The aim of this paper is to characterize the melodic, harmonic, and structural resolutions that occur in the auditory medium of music; where bars and beats provide an organizational framework for structure, proportion, and harmony; and the striking resemblance of music with the structures devised in other art mediums; such as architecture, sculpture, and poetry. The subdivision of caesura (meaning verse in Greek) into syllables and vowels, and the positioning of sculptures and architecture according to the laws of symmetry and visual harmony1—are strikingly similar to the manner in which music is devised and arranged according to the structural division composed of bars, beats, and notes. The melodic characteristics that are attempted to be demonstrated in this essay, are twofold; the first point, concerns the potential of music to express its inner content within the subjectivity of a beholder despite the medium’s temporal characteristics. The second point of this essay concerns the capacity of the medium to transcend its own laws of symmetry, structure, beat, etc.—and achieve an incomparable level of expression of inner life and emotion—to which a few resemblances with poetry will be mentioned.

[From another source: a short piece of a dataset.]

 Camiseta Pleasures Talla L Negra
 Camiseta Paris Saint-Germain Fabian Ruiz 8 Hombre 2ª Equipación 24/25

Music’s Expression Albeit its Temporality
The first point concerns the embodiment of an absolute form despite the temporal and self-annihilating features inherent in the auditory medium of music. Despite these temporal qualities, music can nevertheless persist in the memory of a beholder as inner subjectivity; where the notes within the melody can be subsequently reproduced as a memory within the beholder’s Spirit [German: Geist].2 This characteristic is very particular to music as such, especially when contrasted to other mediums, such as painting; where in order to sufficiently grasp the inner life of painting, the beholder must stand in front of the object—in the present moment. Music on the other hand, can be actualized in memory at almost any subsequent time after its initial conception; which, however, is most frequently not a recollection of the melody in its complete exactness, but nevertheless, a sufficient recollection of the melody’s inner life and emotion.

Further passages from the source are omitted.